Ken Kaufman: Sure. Think of the bookkeeper as the person who is into all of the details of the accounting transactions each month, while the accountant or CPA will look over the bookkeeper’s work and analyze the ongoing performance of the company while taking responsibility to ensure the company is compliant with all of the federal, state, and local taxes, regulations, ordinances, and so forth. Your accountant or CPA should be adding strategic value to your business, meaning they are thinking about the future and what you can do today to improve your outcome next month, next year, and during the next five years.
Smallbizlady: How should a small business owner go about searching for an accounting professional to help them in their business?
Ken Kaufman: You want to look for both a depth and breadth of experience. Don’t rely on someone who knows just your industry, mainly because another industry may have already solved the problem you’re working on and you can benefit from someone with a perspective bigger than yours on business, tax, finance, and accounting issues. You also want someone who has enough time to really understand you and your business. And, you need someone who communicates well and speaks in a language you understand. You want them to teach you to know the numbers of your business so you can use them to gain competitive advantages. The right accountant will show you how to do that.
Smallbizlady: How and when should a small business owner engage their accounting professional to help them make decisions in their business?
Ken Kaufman: Short answer–early and often. I have a favorite saying that addresses this in a little more detail: “If you think it’s expensive to hire a professional, wait until you see how much it ends up costing you if you hire an amateur.” As you plan and execute your small business, you need to pull the right professionals in to make sure you are compliant and building the right strategy for the future of your company. Budget for it and use an accounting professional to keep you out of trouble and help steer you in the right direction.
Smallbizlady: What is the best advice you can give a small business owner?
Ken Kaufman: Know your customers. Know them so well that you are compelled to become an advocate for them, similar to how @Smallbizlady is for the community she serves. Help them and bring far more value to them than you can charge. Once you get paying customers, you will be amazed at how many doors will begin to open for you and how much easier solving your cash flow problems will become. But it’s up to you to make it happen and create those opportunities for yourself. You’ll be certain to build a successful business if you intimately know your customers and align your interests with theirs.
Smallbizlady: How can small business owners who are math challenged use your book to run their business better?

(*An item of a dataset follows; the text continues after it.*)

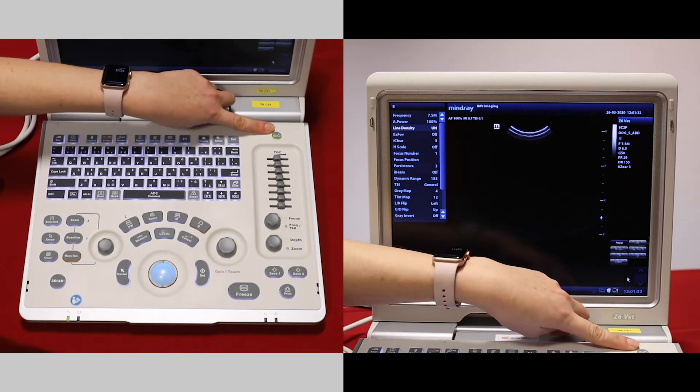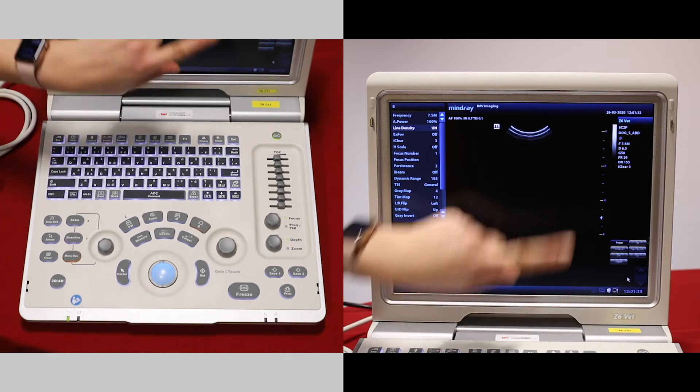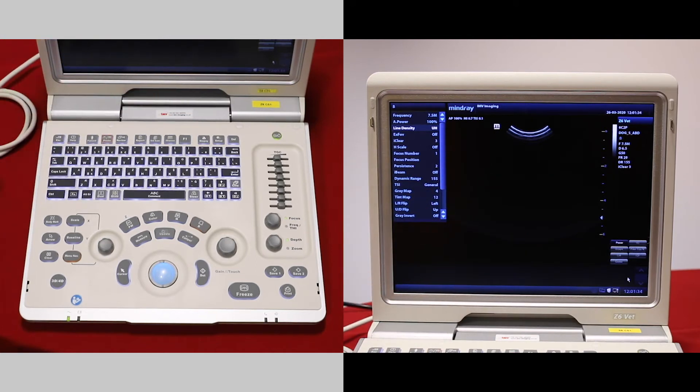When you first turn the machine on it brings you to the scan screen, but we need to input patient details so any images we save will be saved to that correct patient.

Ken Kaufman: Before the book can help, you need to realize two things. First, the numbers in a business are not complicated. It’s mostly addition and subtraction with a few percentages and division problems mixed in–stuff your calculator can easily handle and, once you get the hang of it, you’ll likely start doing it in your head. Second, and this may seem a little direct, but you need to stop hiding behind the excuse that you are not good at math. I specifically wrote this book to help small business owners understand the benefit that comes from knowing the numbers of their business, and there is a detailed how-to section to get you on the right path. With the password found at the end of the book, a book owner can log into our website and get lots of helpful information, including sample scoreboards and reports that highlight the key metrics in any industry, among other tools and resources. Also, if implementing all of this seems like too much, our company, CFOwise® has helped hundreds of businesses to implement the six scoreboards. You’d probably be surprised at how affordable it is, and, more importantly, how much more benefit you receive than it costs. By way of example, we helped one company realize an immediate savings of over $100,000 and another company accelerate their cash conversion cycle, or working capital days, by 75%.